The gathering was held at the 16th floor (called the HUB) of the National Library (NLB).
Given the fact that this month is F1 season in Singapore, we can hear the exciting vrooooms of the racing cars as they whiz past each other from up above where we have nearly a 360-view of nearly the entire city.
So yes, we saw some of the drag racers as you can glean from some of the photos that my husband took.
But of course, it did not distract us from the real purpose of the evening’s festivities – which is to celebrate the very long lifespan (25 years is a great deal!) of this wonderful society.
I also found out during the brief presentation given by one of the members of SRL that they have several Interest Groups to their name. They have WISH or Women for English Literacy program intended as an adult literacy programme that provides service to women in Singapore. They also have Wordwrights which caters to writers of children’s books – whether you are a newbie or a long-time published book author. The Storytellers circle meet at least once a month to share stories and resources with the general goal of reviving the art of storytelling in Singapore. Please click here to know more about The Society for Reading and Literacy. From last night’s meeting, I sensed that this was a heart-felt endeavour that reaches out to the hearts of the young and old alike to promote reading and literacy – a programme that is more than worthy of anyone’s time, attention, and resources.
Here are some of the photos taken by my husband during his talk:
After a welcome address by Serene, current President of the Society and a presentation of the highlights of yesteryears, we had dinner, a toast, then my talk which was entitled: Choosing Books that Challenge – My Personal Journeys as a Reader.

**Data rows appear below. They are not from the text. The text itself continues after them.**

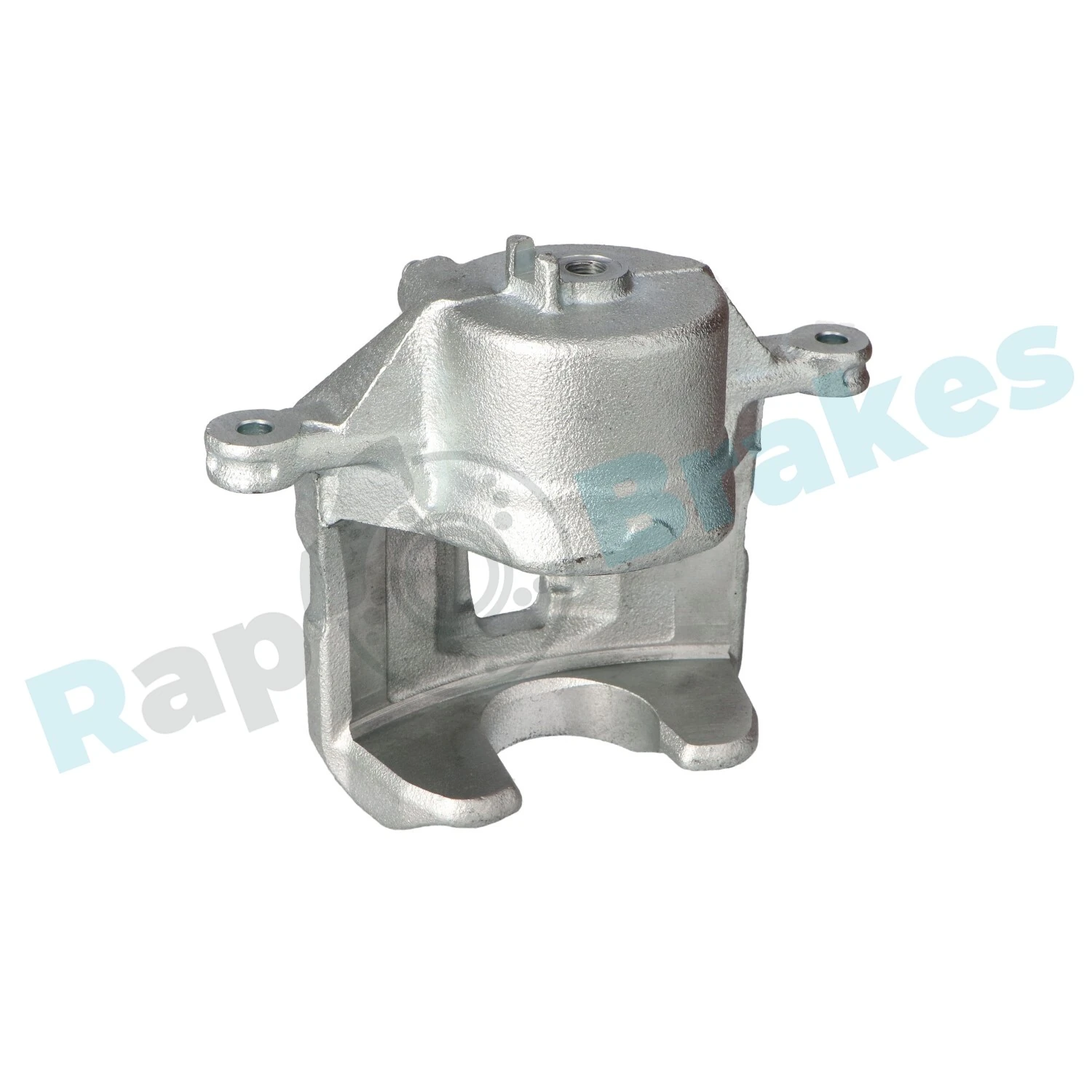 Brake Caliper R-K0197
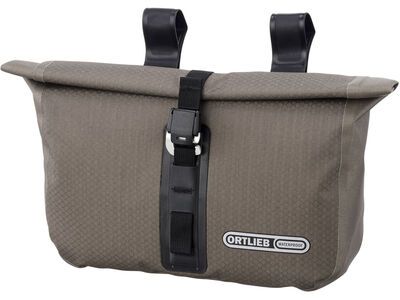 ORTLIEB Accessory-Pack, dark sand - Bild 3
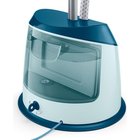 Philips Garment Steamer GC527/20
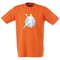 Kempa-herren-t-shirt-groesse-xxl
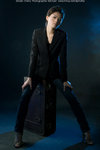 Mysterious_Cherry_3801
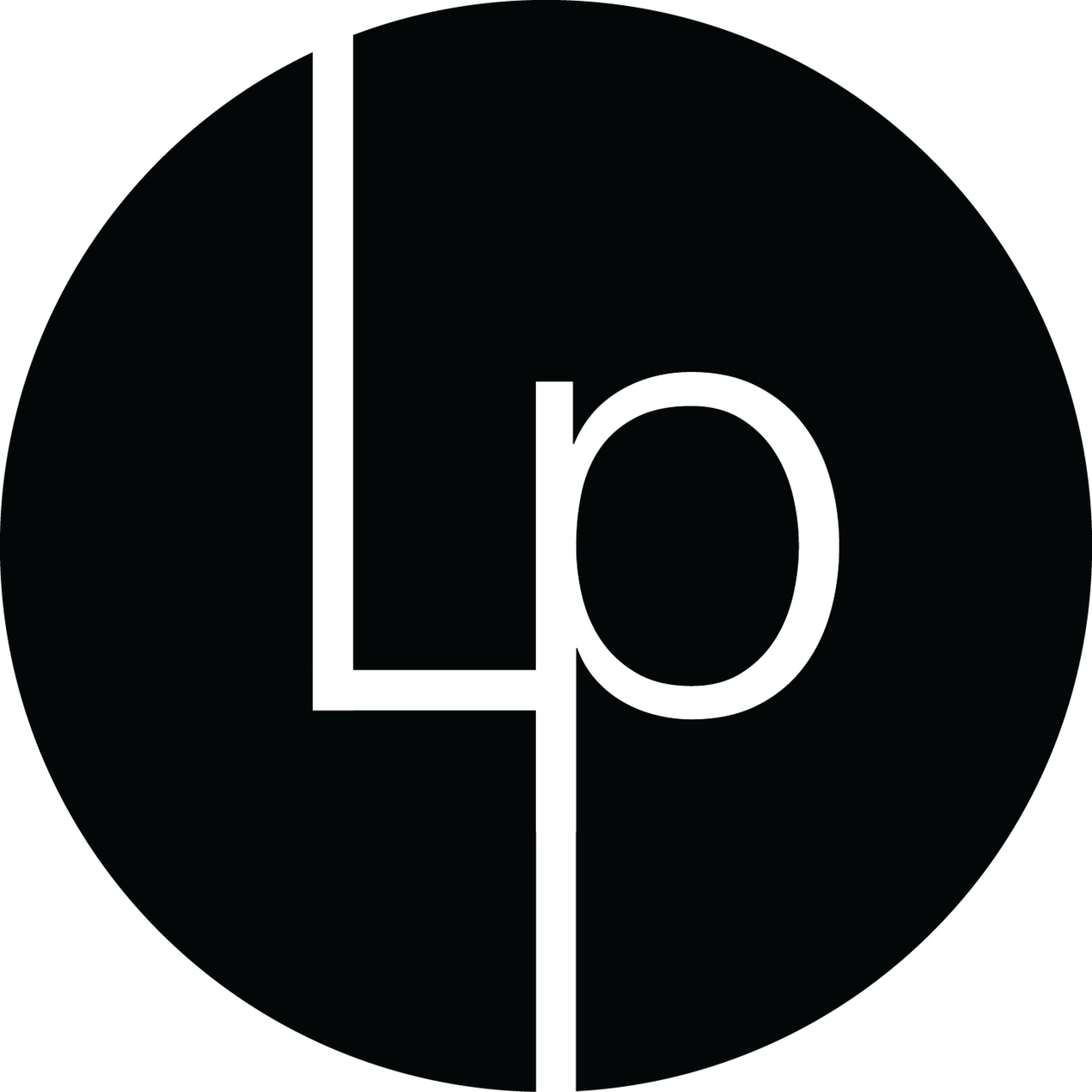 The Living Practice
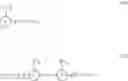 Fig. 04 - Proppant with enhanced interparticle bonding
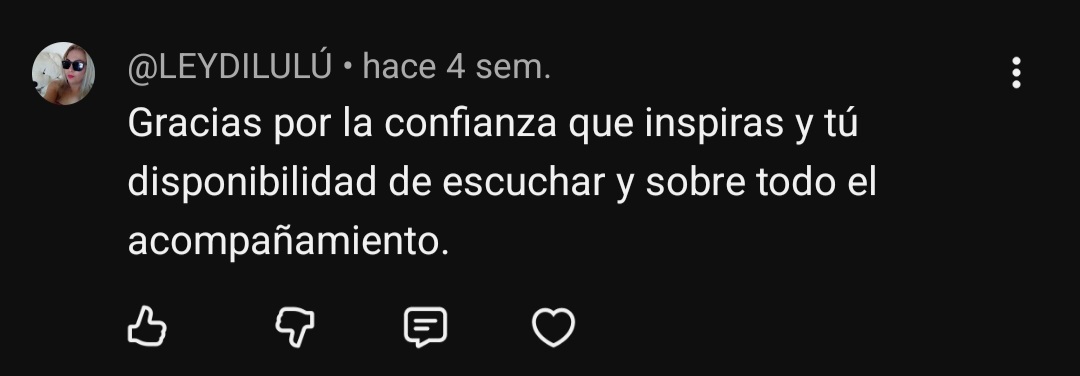 screenshot 20260506 094855 youtube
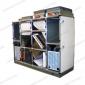 Установки для бассейнов VBW серии BS-1 (1000-3000)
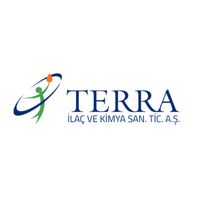 Terra İlaç
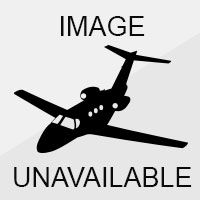 1999 Cessna 172 SP for sale with price and specifications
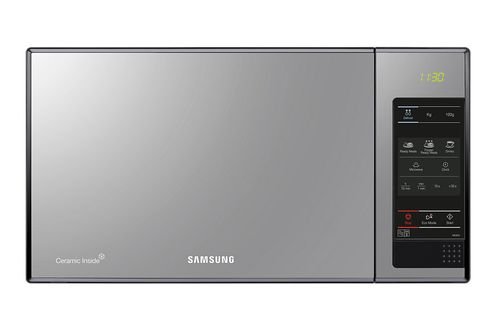 Микроволновая печь Samsung ME83X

As I told the group of around 30 or so people during the first part of my talk, I never experienced such pleasure in creating a set of powerpoint slides for an official/unofficial gathering. I essentially recollected books I’ve read as a toddler, as a tweener, and heaven-forbid the book skeletons in my closet when I was a teenager – then moving on to my university years and young adult stage – until finally I became a mother and the search for picture books that challenge began. Hahaha. So yes, it was truly a fun and animated 45-minute talk. My husband, as always, was with me thru-out the entire celebration, although he felt distinctly uncomfortable seeing that he was only one of the three or four men inside the room (and he was wondering aloud why there were only a few male attendees or members, for that matter – calling all renaissance men! You are most welcome to join the Society). As per usual, he documented the proceedings, and many thanks for these video clips and for standing in as the unofficial “photographer” during the festivities. They must have sensed you have a very good eye. Haha. My 8 year old daughter played a very crucial role as well. I brought along around 12 books to showcase as part of my “elements of what to look for in picture books” in my talk. They were meant to be illustrative of certain points that I was raising throughout the discussion and she was responsible for holding the books up and showing them to rest of the audience. I brought Graeme Base’s Eleventh Hour; Neil Gaiman and Dave Mc Kean’s Wolves in the Walls; Jon Sciezka and Lane Smith’s Stinky Cheese Man and Squids will be Squids; Shaun Tan’s The Arrival – among others.
Video snippets of my talk will be forthcoming (something wrong with youtube).
After my talk, there was animated story telling by two lovely individuals whose names I missed out on all the flower-and-gift giving and packing away of equipment. But my daughter and I were riveted. It was truly food for the soul.The first story teller – the cadence and the rhythm of her voice demonstrate how a storyteller weaves magic through words.
The second story teller even included lovely music interwoven as part of the entire storyline. Very beautiful.